Oversight Actions in Chile

The Corporación del Cobre de Chile case offers an example of a successful oversight action against a state-owned company. The Chañaral Citizen’s Committee for the Defense of the Environment and Development claimed that the government authority that owned the El Salvador Mining Company, the largest company in Chile, was violating its constitutional right to a healthy environment because of an ongoing “arbitrary and illegal” discharge of pollutants by the mine’s metallurgical plant in the Salado River, causing severe contamination and it is the obligation of the State to watch for any violation of this right; citizens can bring a court action against an authority that violates it (called an “Article 20 Action”). In this case, the court, confirmed on appeal by the Supreme Court, ruled that, although the company had an authorization, this did not justify polluting the waters and that the discharge was a violation of the Committee’s constitutional right. The court ordered the mining company to end its discharge into the Pacific Ocean.

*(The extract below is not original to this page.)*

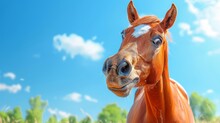   A Tight Shot Of A Horse's Head Against A Backdrop Of A Clear Blue Sky Trees Dot The Horizon In The Distance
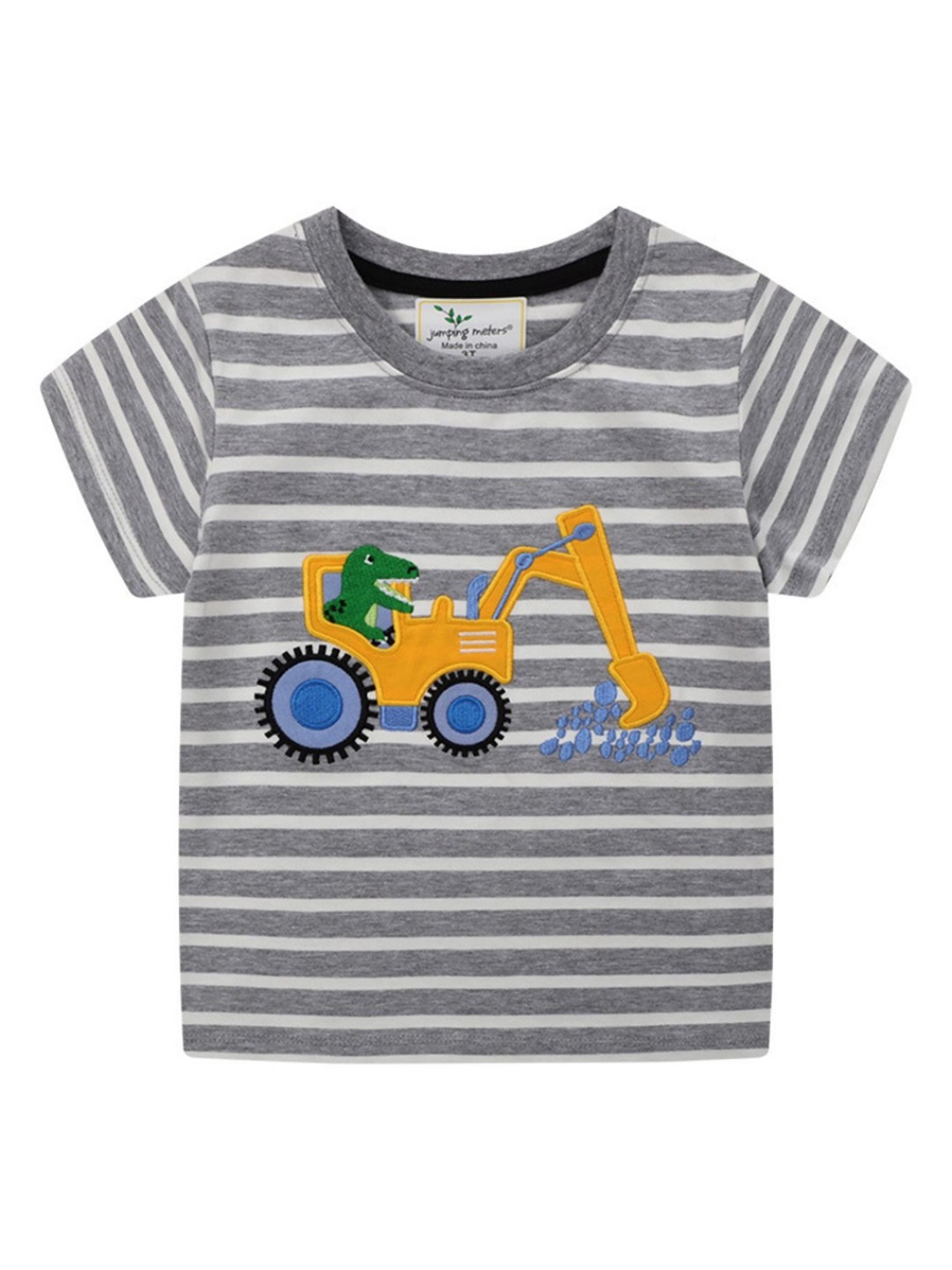 

LULU & SKY Boys Striped Applique T-shirt, Grey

Another Article 20 Action was directed against the mayor of Futrono for the “arbitrary and illegal” installation of a rubbish dump without observing the minimal sanitation standards. This case is an example of well-coordinated use of administrative and civil procedures. The claimant simultaneously filed a complaint with the sanitation service against the mayor. The service ruled in favor of the claimant, imposed an administrative fine, and ordered the closure of the dump. Subsequently, the court that ruled on the Article 20 Action took this administrative decision into account and also ruled in favor of the claimant, i.e., ordered the closure and clean-up of the site.